#### Caption-style text data
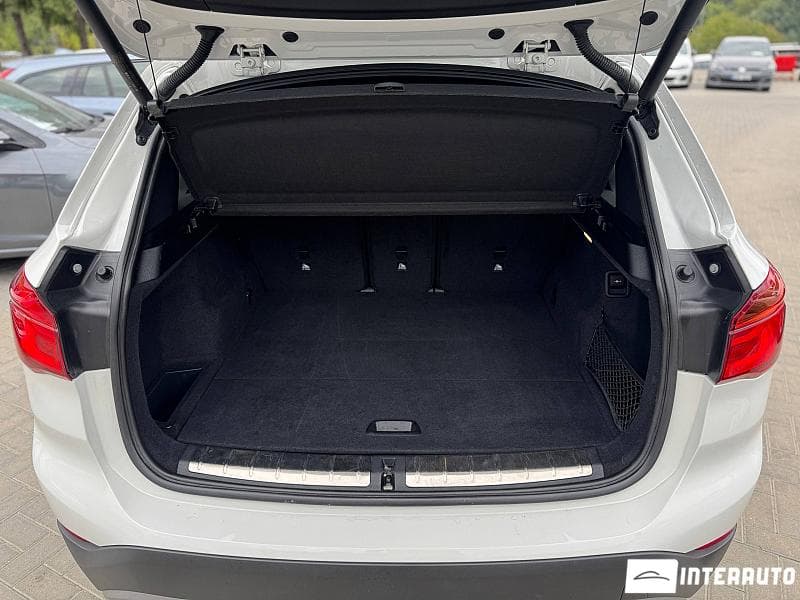 2018 BMW X1 2.8i — Miniatură 20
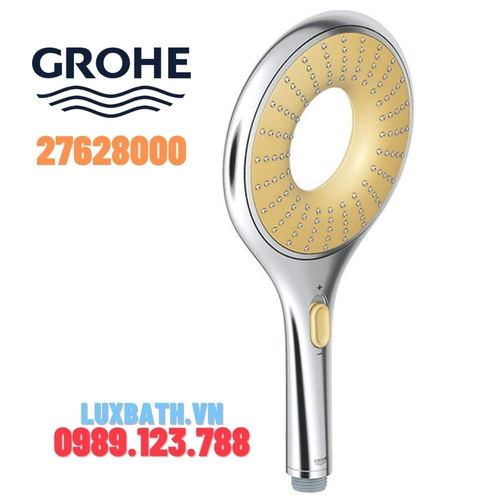 Vòi sen cầm tay Grohe 27628000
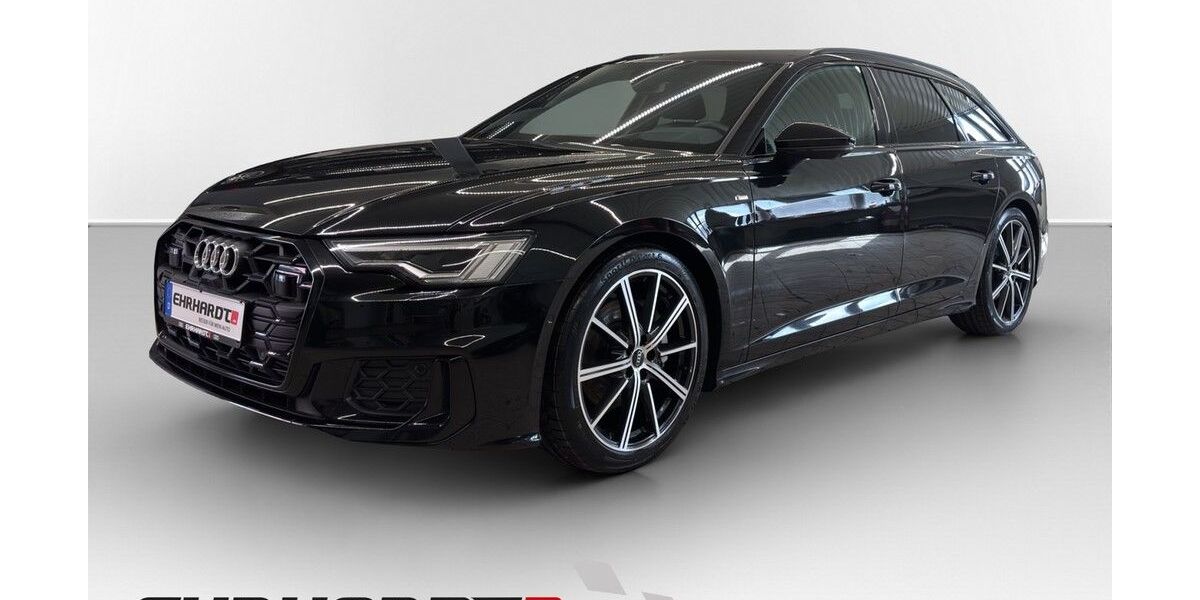 Audi A6 46.201 km 44.950 &euro; Halle 06116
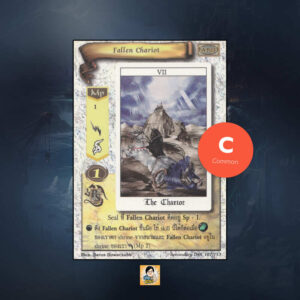 Fallen Chariot | Summoner Master OG
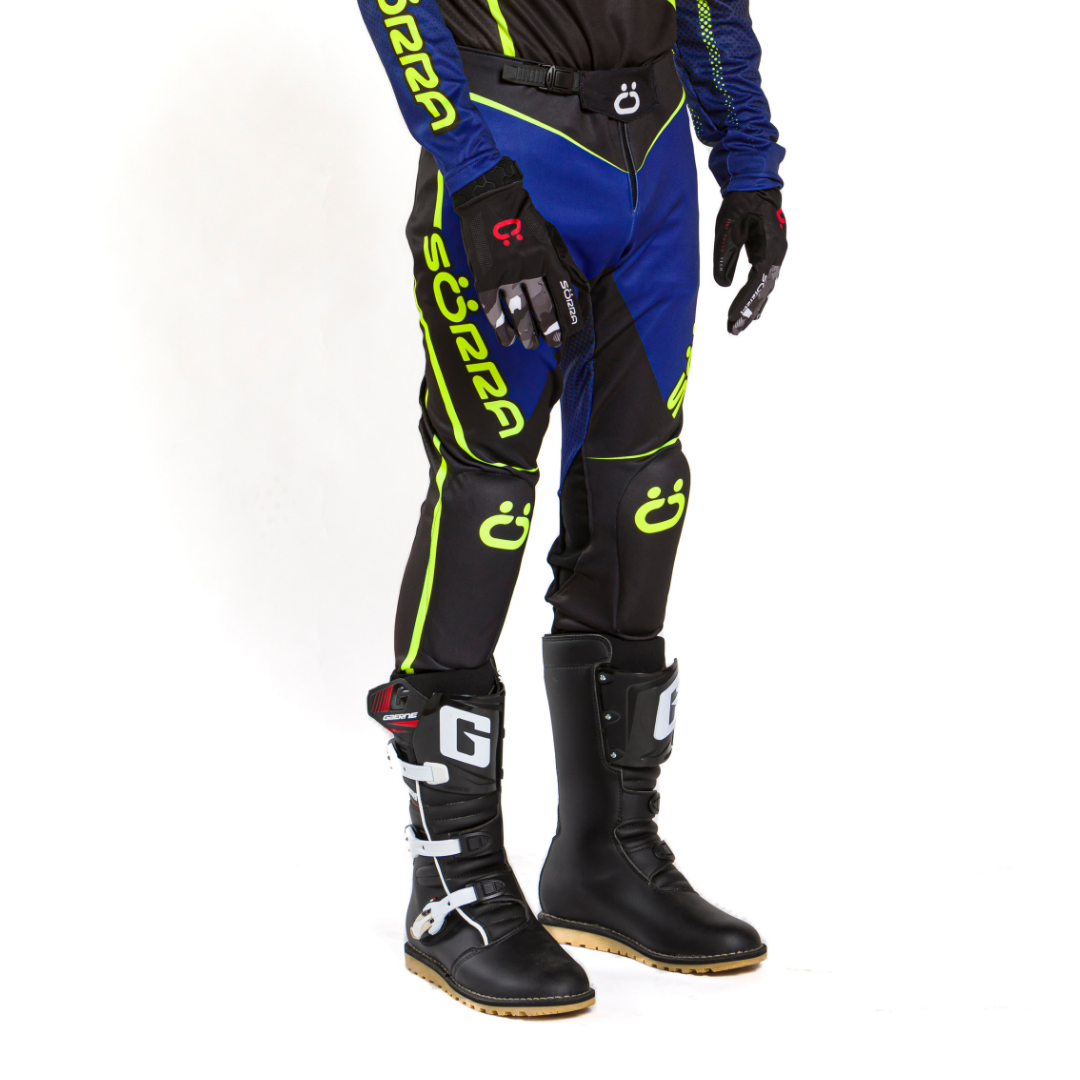 PANTS TRIAL SÖRRA 1 RACING SHERCO
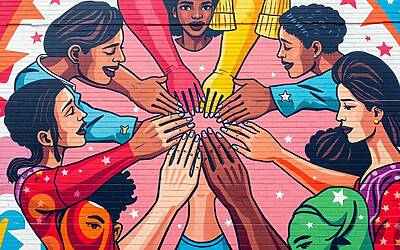 Donald Trump e l'attacco ai programmi di inclusione e diversità: ecco perché è errato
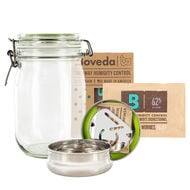 Raccogliere, Essiccare & Cura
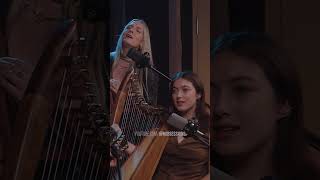 Romany Gilmour joins The Webb Sisters and Louise Marshall to perform this beautiful song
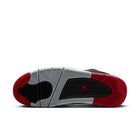 Air Jordan 4 RM (Black/Varsity Red/Wolf Grey)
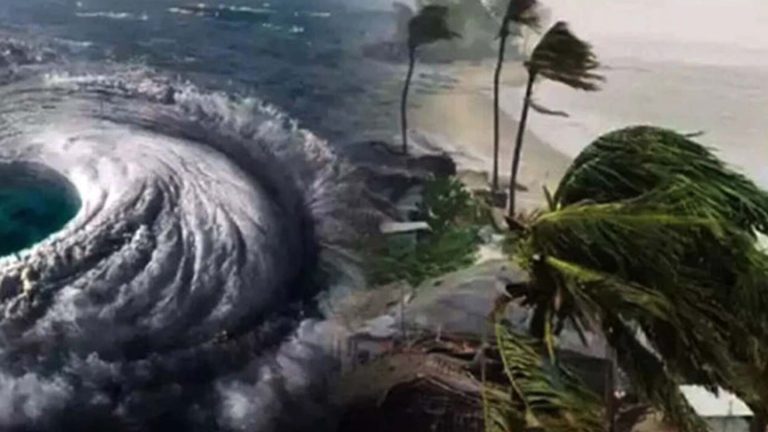 দেশজুড়ে ভারী বৃষ্টির আভাস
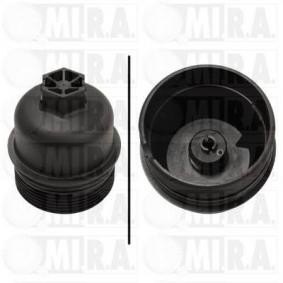 Acquista Calotta, Carter filtro olio da MI.R.A. 28/2320 a buon mercato per soli 52,52 €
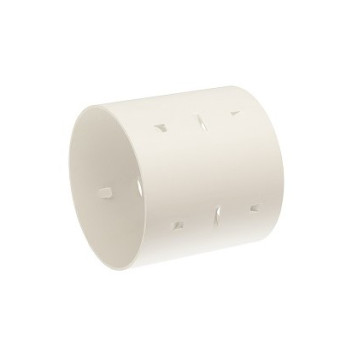 160mm Land Drain Coupler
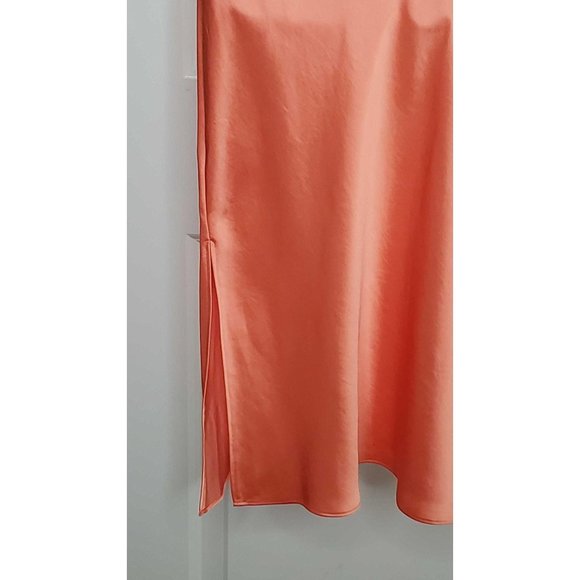 EXPRESS VINTAGE-STYLE SLIP DRESS, XS - Picture 5 of 5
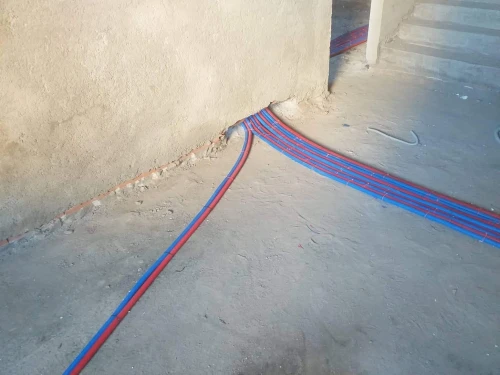 Vente Niveau De Villa Tlemcen Remchi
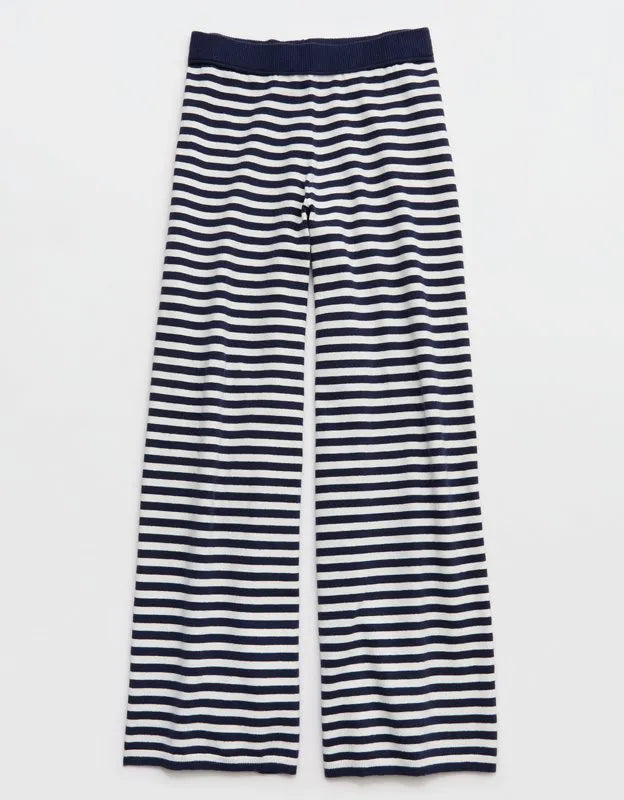 Aerie Sunday Soft Trouser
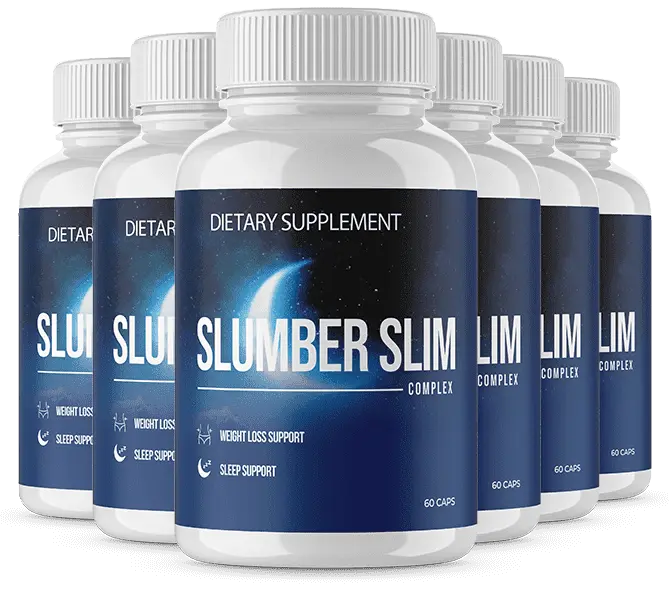 SlumberSlim Discount Bottles 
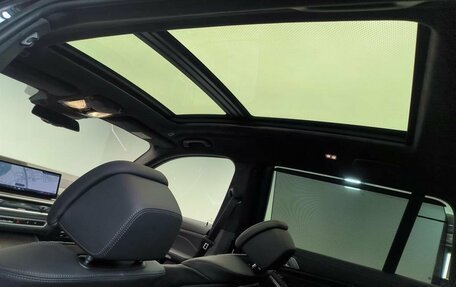 BMW X7, 2024 год, 17 500 000 рублей, 16 фотография
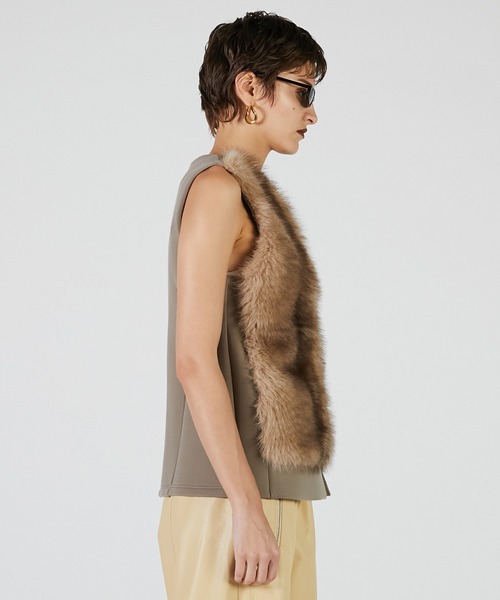 PRANK PROJECT パッファーベスト Paffer Vest 中綿 PRANK PROJECT パッファーベスト Paffer Vest 中綿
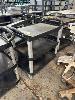 58 · TROLLEY ON CASTOR WHEELS, JIWINS, 850 (L) x 530 (W) x 850mm (H), 3 TIER, , **SUBJECT TO INSURANCE CLAIM, BUYER TO INSPECT** NO GST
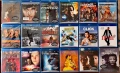 Blu Ray издания на Sony с бг субтитри, снимка 1
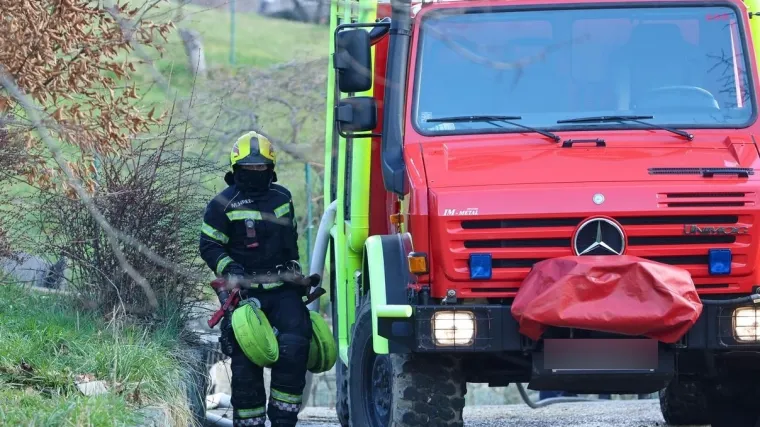 Mrtav pijan prijetio ukućanima pa zapalio prizemlje kuće: Pazite koliko je promila napuhao
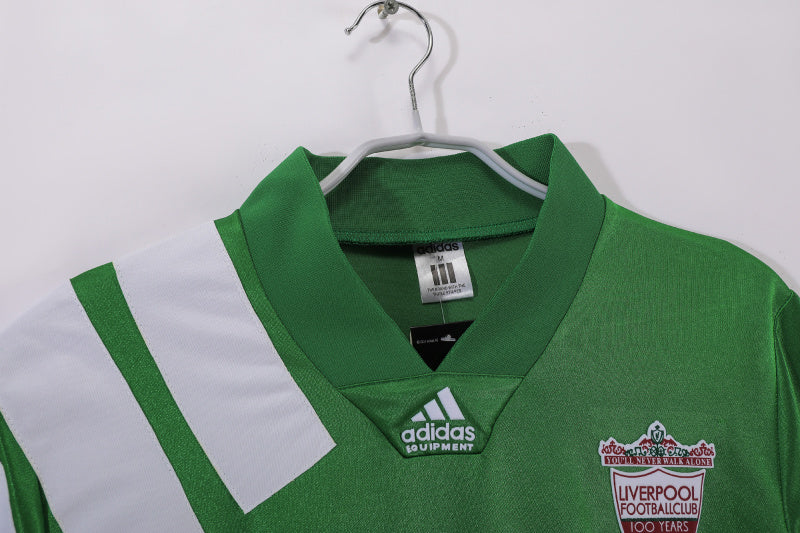 1992 Liverpool #1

#### Exercise brief
Look above for the line containing "Donald Trump e", then write out every line from there down to the line containing "160mm Land Drain Coupler", that line included, with no pictures.

#### Response below
 Donald Trump e l'attacco ai programmi di inclusione e diversità: ecco perché è errato
 Raccogliere, Essiccare & Cura
 Romany Gilmour joins The Webb Sisters and Louise Marshall to perform this beautiful song
 Air Jordan 4 RM (Black/Varsity Red/Wolf Grey)
 দেশজুড়ে ভারী বৃষ্টির আভাস
 Acquista Calotta, Carter filtro olio da MI.R.A. 28/2320 a buon mercato per soli 52,52 €
 160mm Land Drain Coupler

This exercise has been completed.